Le secrétaire général de l’Alliance, Fabien Vanhemelryck, a exprimé à l’AFP : « Il est essentiel de prendre conscience de la gravité de la situation : la police nationale ne peut plus exercer son métier dans des conditions adéquates ». Son appel trouve un écho auprès des membres de la police, qui se sentent de plus en plus dépassés.
Gaëlle James, secrétaire générale du syndicat Synergie officiers, a également partagé son inquiétude, soulignant un « manque patent de moyens et d’effectifs face à une délinquance de plus en plus violente » lors de son intervention auprès de l’AFP.
Les manifestations auxquelles participent des représentants politiques de droite, notamment à Nice, témoignent d'un soutien varié, impliquant des élus comme le maire Christian Estrosi et le député Eric Ciotti.

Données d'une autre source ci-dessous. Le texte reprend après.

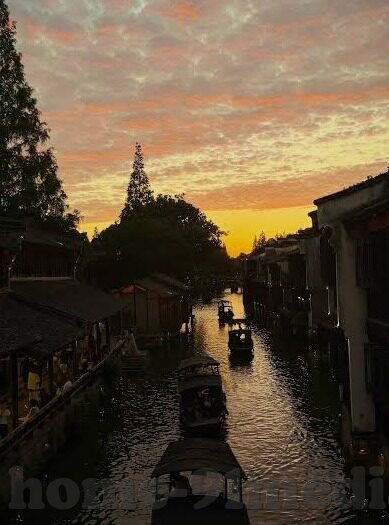 精华液一区二区av-探索肌肤护理的奥秘，精华液在美容一区与二区的独特魅力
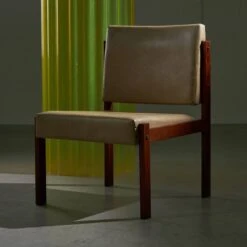 Angular, Teak Wood And Leather Chair With Copper Details, 1970s -Chairly Shop f94365a9 f82b 49e9 9e09 461bb466df0b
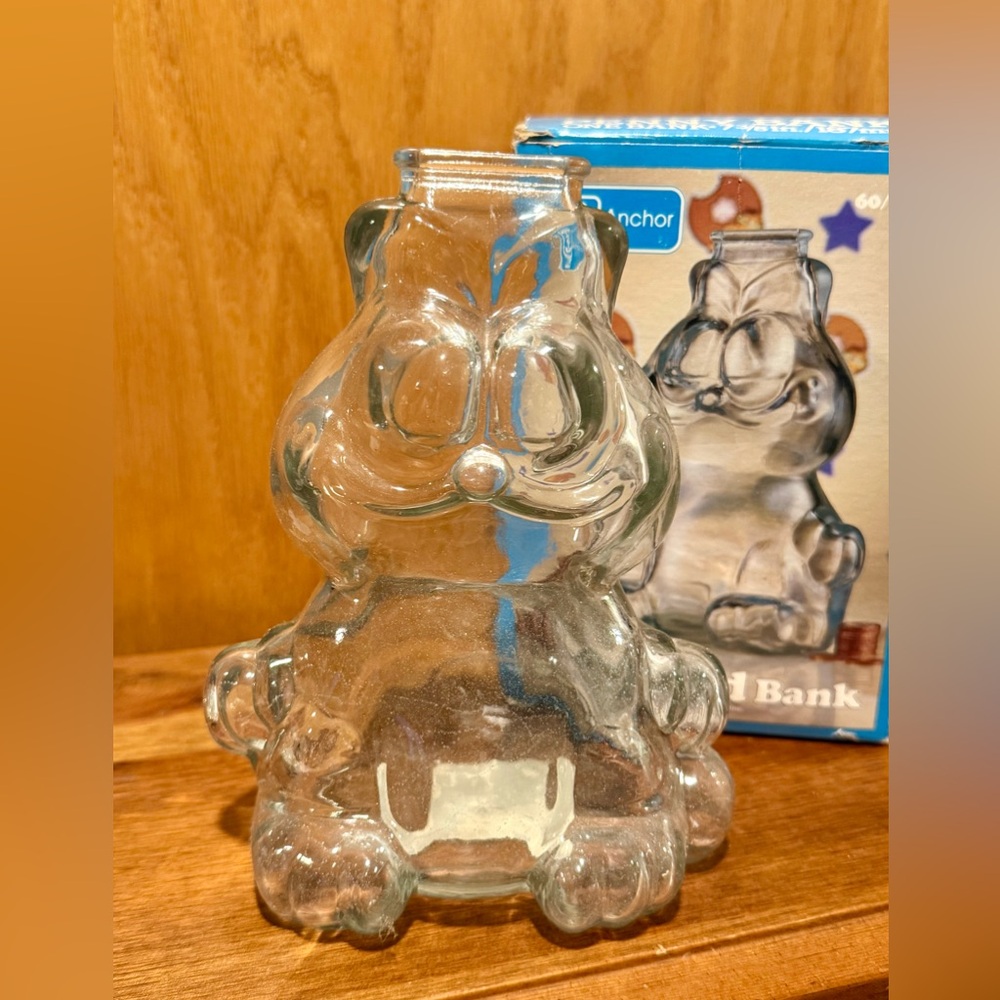 Vintage Anchor Hocking Garfield Cat Glass Coin Piggy Bank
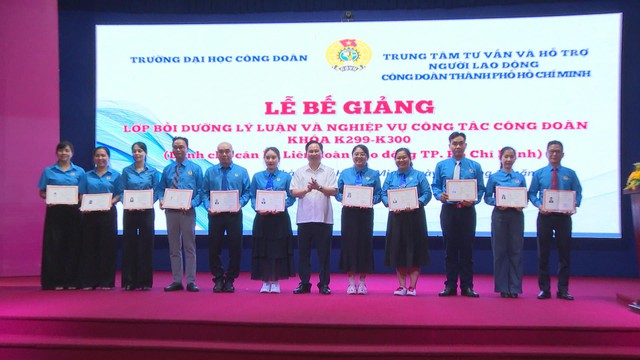 Công bố quyết định về công tác cán bộ tại phường Thạnh Mỹ Tây | Thời sự trưa HTV ngày 5/10/2026- Ảnh 2.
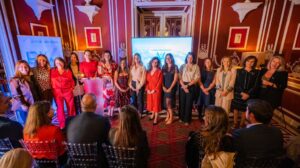 Junta directiva de EVA y socias colaboradoras de Ellas Vuelan Alto.
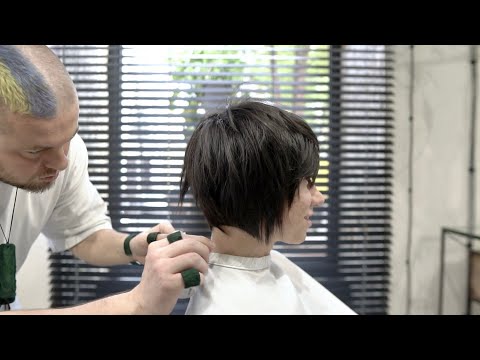 Видео: КАК ПОДСТРИЧЬ ГРАДУИРОВАННЫЙ БОБ с дисконнекцией - НИКИТОЧКИН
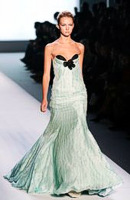 Элегантность доминировала в показе коллекции Rochas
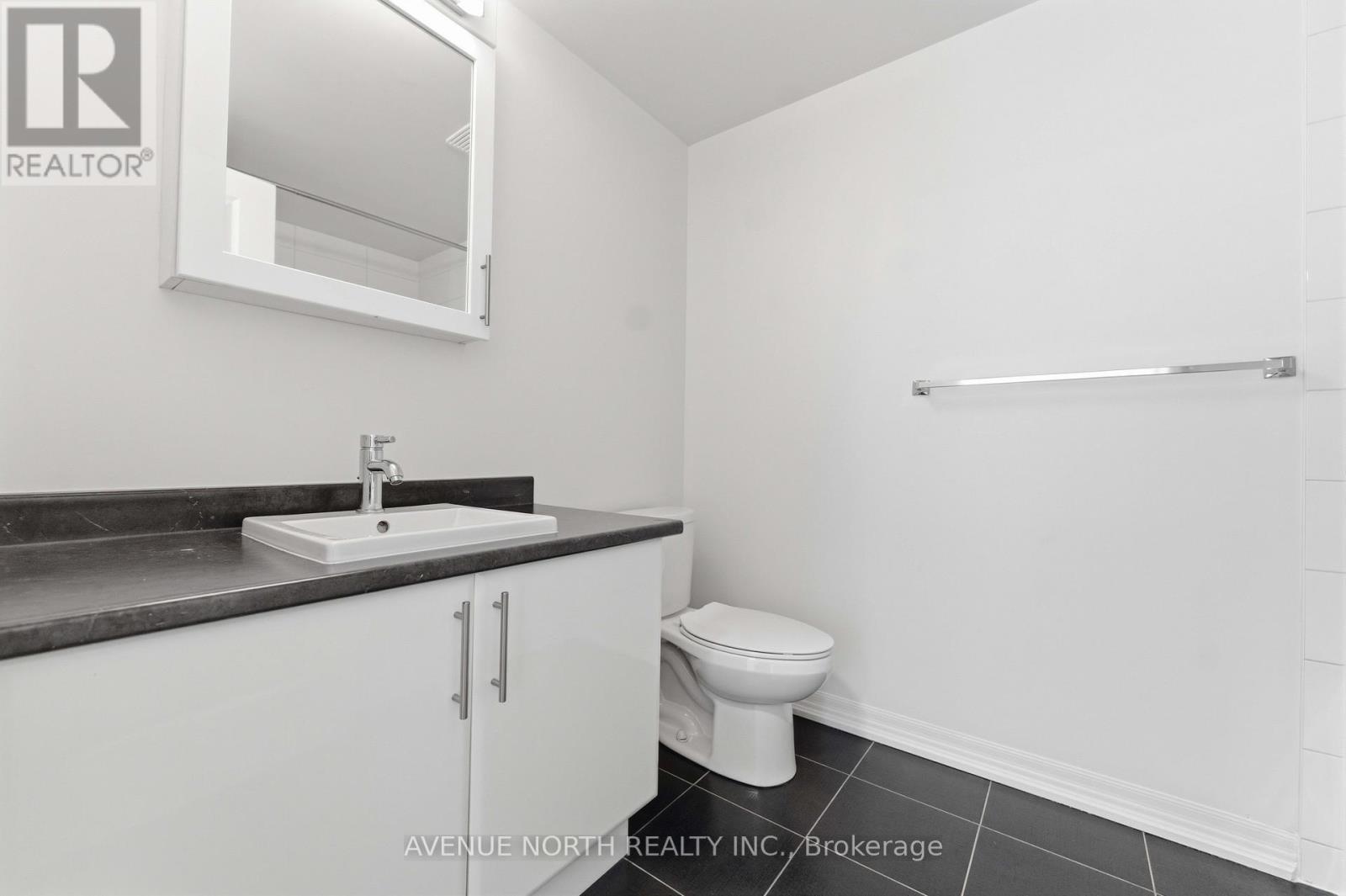 1102 - 242 Rideau Street, Ottawa, Ontario K1N 0B7 - Photo 18 - X12956066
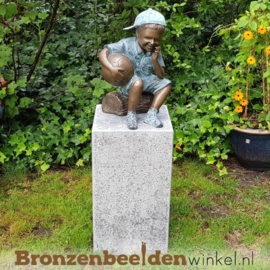 Bronzen jongen met bal als tuinbeeld BBW1957br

Alors que le ministre de l'Intérieur, Laurent Nuñez, a été invité à se joindre aux rassemblements, il a décliné, invoquant un devoir de neutralité.
Face à ces événements, les responsables syndicaux espèrent susciter une « mobilisation citoyenne » significative, reflétant les craintes croissantes des membres des forces de l'ordre quant à leur sécurité.